Work task:
Here is the task for the records below: repeat exactly the lines from the one with "Burberry Checkered Turtleneck" to the one with "PATRIZIA PEPE Camicia", both included, and nothing else.

Exercise inputs:

□ □ □ □ □ □ □

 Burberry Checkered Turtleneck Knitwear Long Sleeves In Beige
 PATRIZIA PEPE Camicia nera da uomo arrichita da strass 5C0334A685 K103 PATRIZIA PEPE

□ □ □ □ □ □ □

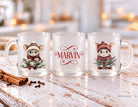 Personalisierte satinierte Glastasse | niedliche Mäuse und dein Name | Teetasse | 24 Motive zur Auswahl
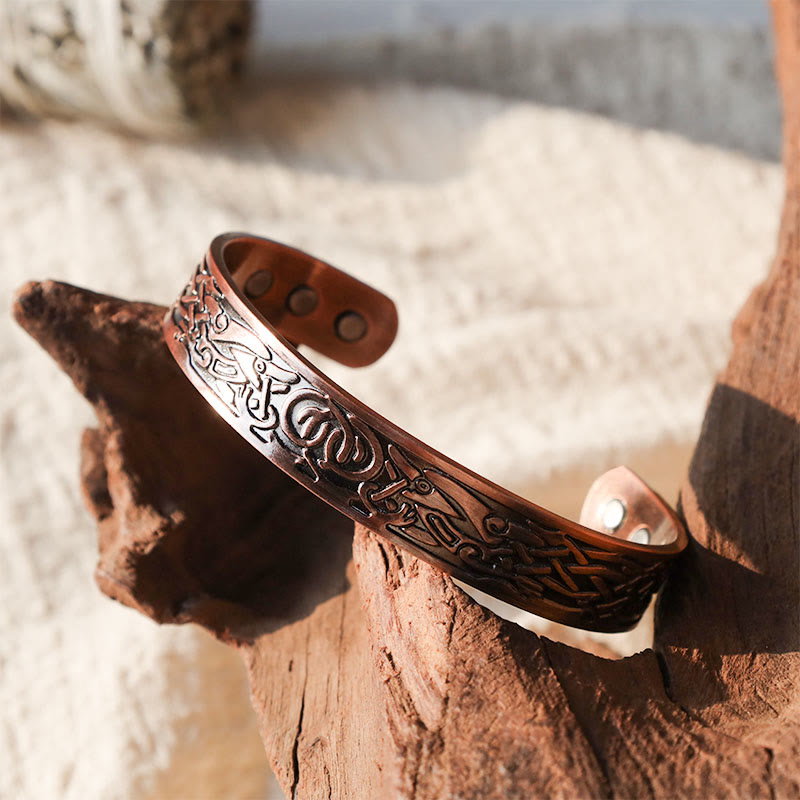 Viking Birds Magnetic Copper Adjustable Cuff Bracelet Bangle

□ □ □ □ □ □ □

Task answer:
 Burberry Checkered Turtleneck Knitwear Long Sleeves In Beige
 PATRIZIA PEPE Camicia nera da uomo arrichita da strass 5C0334A685 K103 PATRIZIA PEPE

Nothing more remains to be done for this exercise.